Despite it's proximity to the rest of the world, Australia, and latterly New Zealand, did manage to cultivate a small scene of psychedelic and progressive groups, mainly gathered around the clubs and bars of Sydney, Auckland and Melbourne. The likes of Spectrum, Rainbow Theatre, Bakery, Ticket, Mantis, Sebastian Hardie, Band of Light, Ayers Rock, Tamam Shud and Tully showcased a vibrant selection of styles, whether it be acid-licked blues-rock or jazz- influenced symphonic rock, and much like Pirana, original vinyl copies of most of the above are now worth ridiculous sums of money(as of writing, their is a single copy of Memento's 1972 effort 'Bakery' for sale on Discogs for just under $2,000).

With a sound influenced by latin rock outfits Santana and Chango, Jimi Hendrix, British prog and late-sixties garage- rock, Pirana's debut is all heavy guitar-and-organ interplay and colourful instrumental flourishes, though multiple listens also reveal a debt to such non-prog luminaries as Chicago and even early Blood, Sweat & Tears.

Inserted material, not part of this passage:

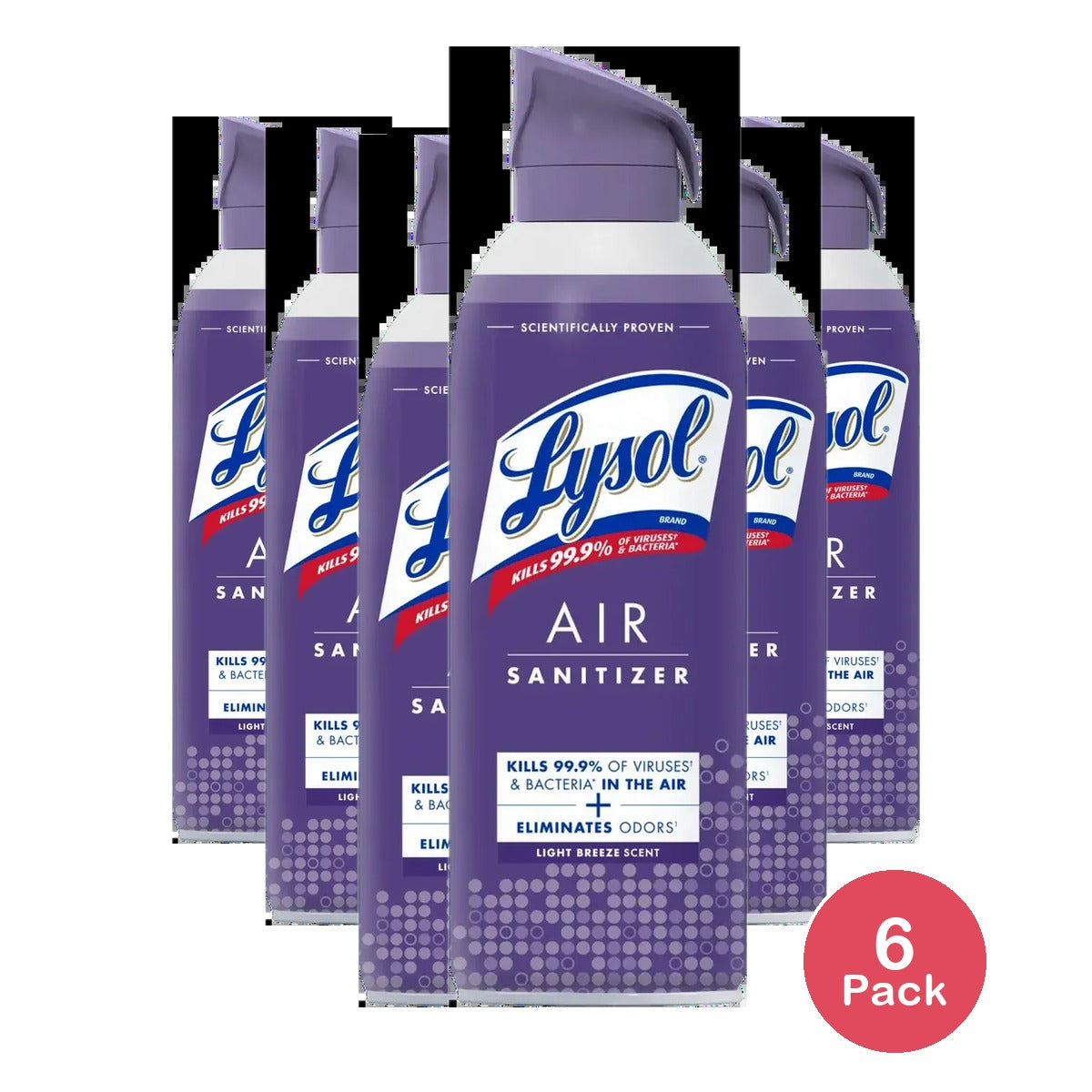 Lysol Light Breeze Air Sanitizing Spray 10oz (Pack of 6)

Featuring a line-up comprising Tony Hamilton(guitar, vocals), Stan White(keyboards, vocals), Graeme Thomson(bass) and Jim Yonge(drums), the first album is arguably the stronger of the two, yet truth be told the difference is minimal. The same line-up would begin work on 'Pirana II' in 1972, but just a few days into recording keyboardist Stan White was replaced by Keith Greig, which goes some way to explaining the second album's guitar-heavy sound.

Unfortunately, despite backing from EMI, neither of Pirana's albums made much of a mark on the Australian charts, or anywhere else for that matter, and following the lukewarm reception of 'Pirana II' and the constant struggle to find gigs and make a resonable living, the band split in early 1973.

The Australian scene may have been small, and very far away, yet it produced a remarkable number of excellent albums in a very short space of time. Pirana, with their spicy organ runs, busy guitars and energetic jamming make for an excellent entry point for those wanting to take the plunge, and both their albums are highly recommended.